> **Try it**:
Starting with the opening line of the material, restate every line word for word, and end on the line containing "new 2025 Chevrolet".

____________

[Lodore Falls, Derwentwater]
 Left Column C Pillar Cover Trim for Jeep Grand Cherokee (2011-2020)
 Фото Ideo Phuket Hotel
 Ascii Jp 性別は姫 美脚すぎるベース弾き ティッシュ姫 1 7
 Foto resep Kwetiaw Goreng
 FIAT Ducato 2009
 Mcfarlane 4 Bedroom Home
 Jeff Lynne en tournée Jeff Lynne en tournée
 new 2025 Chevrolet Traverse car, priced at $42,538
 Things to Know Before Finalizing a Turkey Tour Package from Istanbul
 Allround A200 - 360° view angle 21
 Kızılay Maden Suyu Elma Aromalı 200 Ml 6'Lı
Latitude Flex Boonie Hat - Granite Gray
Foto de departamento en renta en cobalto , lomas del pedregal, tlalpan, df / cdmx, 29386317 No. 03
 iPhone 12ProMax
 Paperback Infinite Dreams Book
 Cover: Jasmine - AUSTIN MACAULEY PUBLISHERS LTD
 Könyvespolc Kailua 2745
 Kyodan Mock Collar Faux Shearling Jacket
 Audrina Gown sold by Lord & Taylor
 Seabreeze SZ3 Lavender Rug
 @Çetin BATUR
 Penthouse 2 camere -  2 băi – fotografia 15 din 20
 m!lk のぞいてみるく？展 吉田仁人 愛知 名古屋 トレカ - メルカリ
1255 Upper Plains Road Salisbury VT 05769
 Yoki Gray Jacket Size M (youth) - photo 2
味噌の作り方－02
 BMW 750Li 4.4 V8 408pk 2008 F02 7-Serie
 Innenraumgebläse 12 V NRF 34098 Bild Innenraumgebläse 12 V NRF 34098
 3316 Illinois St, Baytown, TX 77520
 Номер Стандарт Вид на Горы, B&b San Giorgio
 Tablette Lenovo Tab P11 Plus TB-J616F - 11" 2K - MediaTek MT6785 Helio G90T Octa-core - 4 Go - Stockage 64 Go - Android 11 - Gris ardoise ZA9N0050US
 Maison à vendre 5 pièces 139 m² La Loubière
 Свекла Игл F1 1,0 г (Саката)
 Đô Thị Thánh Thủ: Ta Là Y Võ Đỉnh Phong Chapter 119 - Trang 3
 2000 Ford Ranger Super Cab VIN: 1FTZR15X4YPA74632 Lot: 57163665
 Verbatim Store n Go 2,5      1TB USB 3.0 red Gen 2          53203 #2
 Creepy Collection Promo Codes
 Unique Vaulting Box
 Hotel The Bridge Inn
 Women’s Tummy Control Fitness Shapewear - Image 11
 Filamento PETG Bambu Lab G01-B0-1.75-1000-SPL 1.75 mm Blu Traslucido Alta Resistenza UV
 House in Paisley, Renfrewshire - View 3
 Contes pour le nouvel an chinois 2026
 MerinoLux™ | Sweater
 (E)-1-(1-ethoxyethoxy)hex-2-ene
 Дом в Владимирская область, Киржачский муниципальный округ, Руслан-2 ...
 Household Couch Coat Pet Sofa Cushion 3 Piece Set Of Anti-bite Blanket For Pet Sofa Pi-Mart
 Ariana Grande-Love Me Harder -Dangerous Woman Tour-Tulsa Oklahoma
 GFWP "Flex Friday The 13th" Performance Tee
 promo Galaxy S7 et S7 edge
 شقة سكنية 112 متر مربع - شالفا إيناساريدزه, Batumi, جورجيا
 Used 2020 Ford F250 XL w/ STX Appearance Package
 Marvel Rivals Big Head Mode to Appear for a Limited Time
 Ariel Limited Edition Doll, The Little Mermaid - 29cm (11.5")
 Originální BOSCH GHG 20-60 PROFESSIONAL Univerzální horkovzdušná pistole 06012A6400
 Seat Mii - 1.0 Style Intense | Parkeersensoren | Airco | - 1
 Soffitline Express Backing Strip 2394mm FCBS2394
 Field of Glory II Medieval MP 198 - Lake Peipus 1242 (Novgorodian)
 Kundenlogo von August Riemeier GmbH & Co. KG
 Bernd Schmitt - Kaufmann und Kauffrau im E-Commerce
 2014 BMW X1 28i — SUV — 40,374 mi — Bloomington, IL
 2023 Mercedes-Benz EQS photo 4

____________

> **Response below**:
[Lodore Falls, Derwentwater]
 Left Column C Pillar Cover Trim for Jeep Grand Cherokee (2011-2020)
 Фото Ideo Phuket Hotel
 Ascii Jp 性別は姫 美脚すぎるベース弾き ティッシュ姫 1 7
 Foto resep Kwetiaw Goreng
 FIAT Ducato 2009
 Mcfarlane 4 Bedroom Home
 Jeff Lynne en tournée Jeff Lynne en tournée
 new 2025 Chevrolet Traverse car, priced at $42,538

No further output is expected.